Although I don’t see this as necessarily being a positive for atheists, the number of those unaffiliated has been growing steadily over the past few years. What I think this does show is that religious institutions in this country are losing people because their teaching is meaningless anymore. No one needs to go to church to be moral. In fact, in America, a majority of those polled last year said that a person didn’t need to believe in God to be moral. The message of churches are falling on deaf ears.

No, this doesn’t imply the imminent  demise of religious institutions. They’ll be around long after all of us alive today are gone. It’s a good sign though that we, as a society are finally maturing and that we no longer need these institutions to inform us about anything.

4 thoughts on “The Rise of the Religious ‘Nones’

  1. Still waiting for Google to respond…

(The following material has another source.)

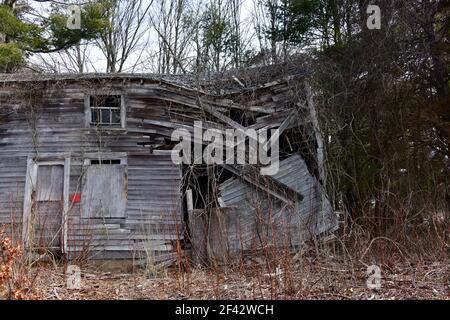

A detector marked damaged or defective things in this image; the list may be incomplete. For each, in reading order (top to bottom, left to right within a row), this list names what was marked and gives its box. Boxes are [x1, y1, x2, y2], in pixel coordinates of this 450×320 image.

broken window [89, 95, 123, 127]
broken window [80, 157, 125, 218]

    I agree that many people just drift away from their family religion and do not ever think they are atheists, but might admit to being agnostic. (Ooh there are those tribal suspicions.). That seems okay with me. I think it is a positive thing for non-believers, but only if these newly “nones” actually have some ethical backbone and moral compass…and it is a plus if they still maintain a sense of community with their neighbors, fellow workers and family, too if they choose.

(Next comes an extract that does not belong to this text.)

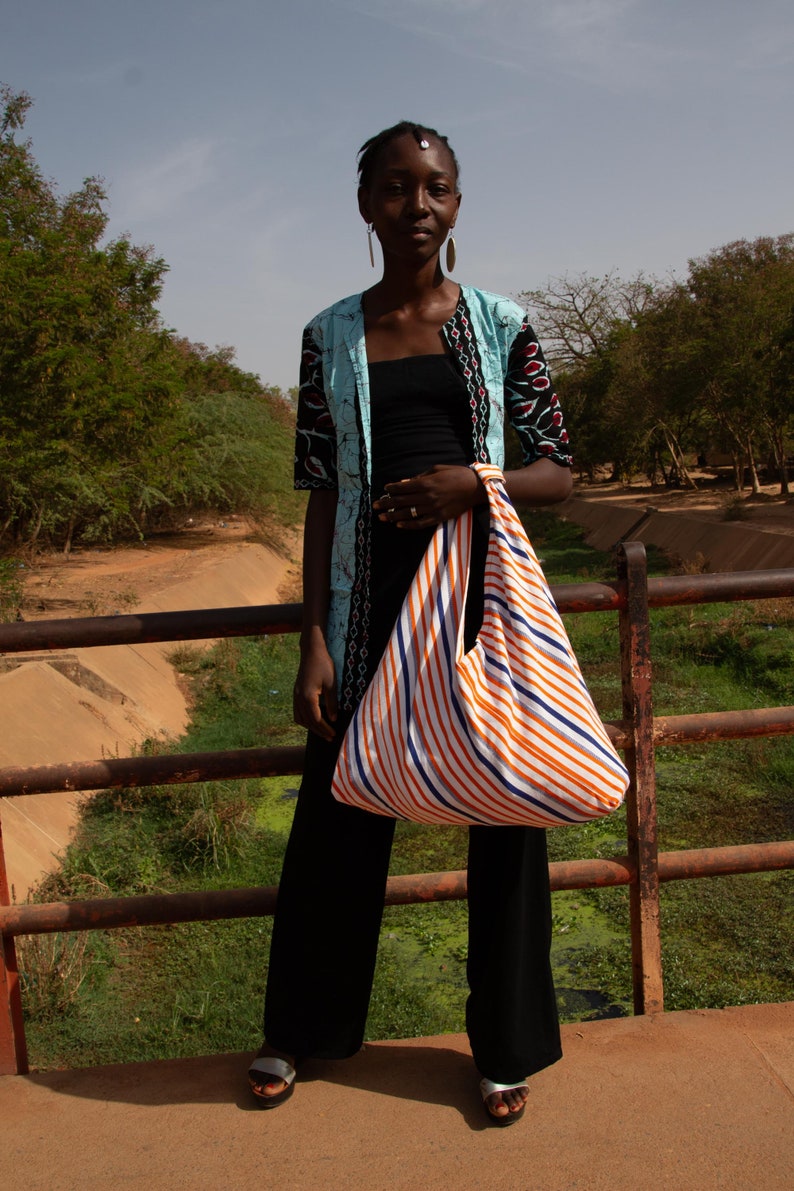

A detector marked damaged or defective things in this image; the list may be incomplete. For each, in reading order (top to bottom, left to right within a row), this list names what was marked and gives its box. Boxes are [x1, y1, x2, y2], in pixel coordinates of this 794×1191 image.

    What we all stand to lose with the total collapse of religions is that sense of community, the one that keeps human beings feeling or believing that it is better to act according to an ethical set of traditions, which bind communities under a rule of law.

    Churches do this well. Church families do this well. Churches bind a community together that school PTAs, local governments, atheist meet-ups and secular charities do not do well. It may well take a village’s religious leaders to keep a village following a moral compass. There is tradition in a shared history of religious beliefs and in this nation that shared tradition includes a patriotic strand that needs support.

    BTW, I followed a link from Vjack that was included in a post of his on The Atheist Conservative. Thanks Vjack for the link.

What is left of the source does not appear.